Several other episodes since have combined—rightly or wrongly, as Kissinger might put it—to turn Chinese popular opinion against America: Tiananmen Square; the accidental 1999 U.S. bombing of the Chinese Embassy in Belgrade; and the Hainan incident in 2001, when a Chinese fighter jet collided with a U.S. reconnaissance plane and precipitated George W. Bush's first foreign policy crisis. Then there are more recent, obvious events. The collapse of the American and European financial markets, in 2007 and 2008, which stripped much of the luster off our image as the global economic leaders. And that latter year in Beijing, when the world's Olympic athletes gathered in a proxy celebration of China's arrival as Washington coped with a distressed Wall Street, two quagmire wars, and three ailing auto companies.
Is Kissinger optimistic about future relations between the U.S. and China? In a word, yes and no. No, because of a disturbing, emergent "martial spirit" that envisions conflict with the U.S. as an inevitable consequence of China's rise—much as the Kaiser's naval buildup led to World War I. In this Chinese view, the U.S. is not so much Mao's famous "paper tiger" but, Kissinger writes, "an old cucumber painted green." In retrospect, I think I prefer being a paper tiger.
On a more upbeat note, Kissinger explains that despite its unprecedented economic ascendance, China has one or two problems of its own. Its economy must grow annually by 7 percent—a goal that would leave any Western industrialized nation gasping—or face the much-dreaded internal unrest.

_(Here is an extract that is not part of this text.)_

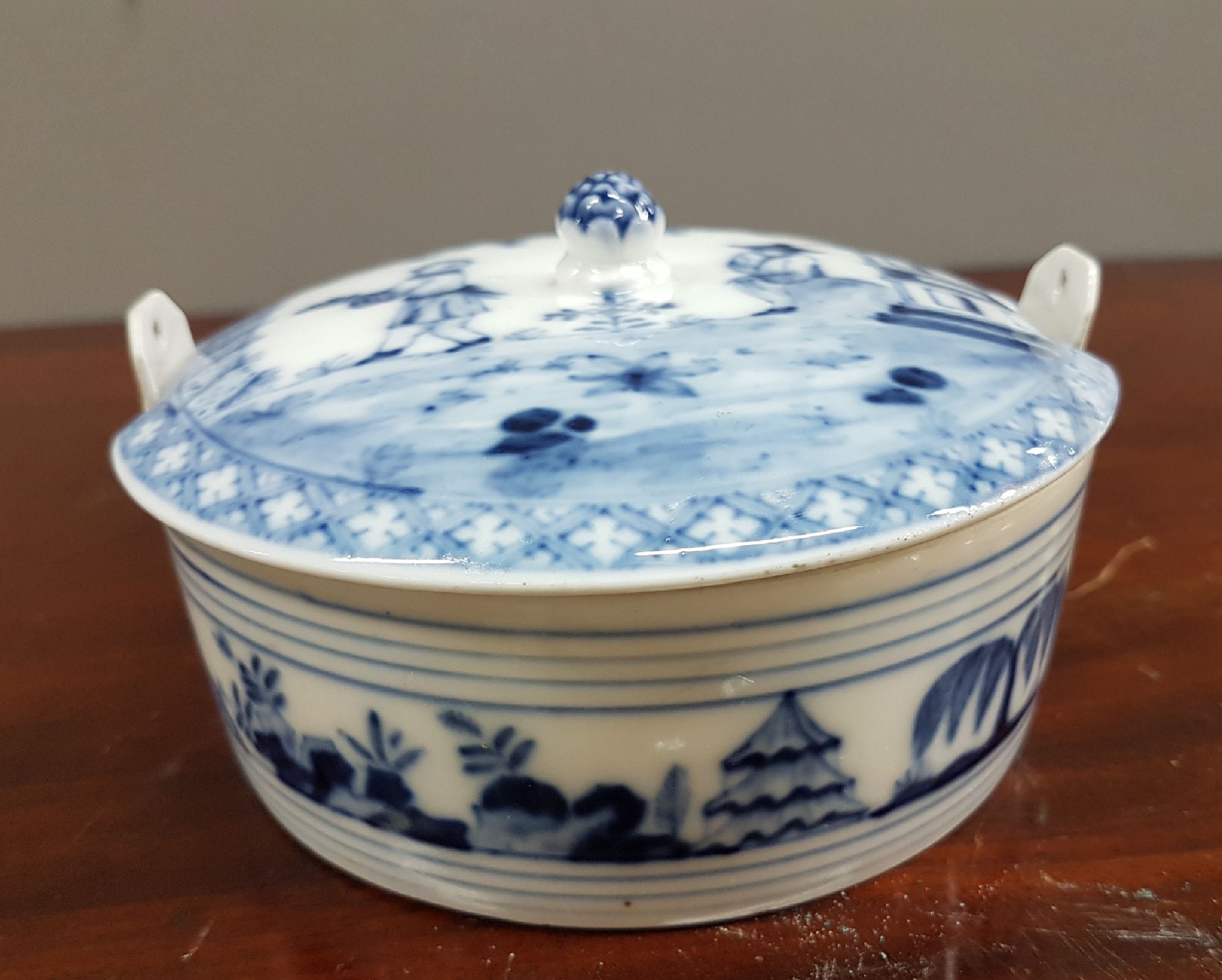 Detail c: Butterdose, Meissen, um 1760-65, Chinoiserien, Porzellan unterglasurblau bemalt, innen mit Schwertermarke und monogr. MÖ = Johann Carl Möbius ...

Corruption, meanwhile, is deeply embedded in the economic culture. "It is one of history's ironies," he writes, "that Communism, advertised as bringing a classless society, tended to breed a privileged class of feudal proportions." Then there is China's rapidly aging population, which may dwarf our own impending Social Security crisis.
Yet the Chinese may be better equipped, psychologically and philosophically, to withstand the coming shocks than the rest of us. A country that has endured 4,000 years of uncounted wars and upheavals, through the Taiping Rebellion of the 1850s (tens of millions killed), and man-made calamities such as Mao's Great Leap Forward (an additional 20 million) and the Cultural Revolution, is nothing if not resilient. Sun Tzu coined a term shi, which roughly translates to "the art of understanding matters in flux." Writes Kissinger: "A turbulent history has taught Chinese leaders that not every problem has a solution." In other words, shi happens.
It's hard to imagine a U.S. President holding such a view, much less expressing it out loud. But by the time one reaches the far shore of this essential book, there's little doubt that Henry Kissinger, historian and maker of history, Nixon consigliere, and Secretary of Barbarian Management, also takes the long view. Perhaps, from the heights on which he perches, it may be, for better or worse, the only view.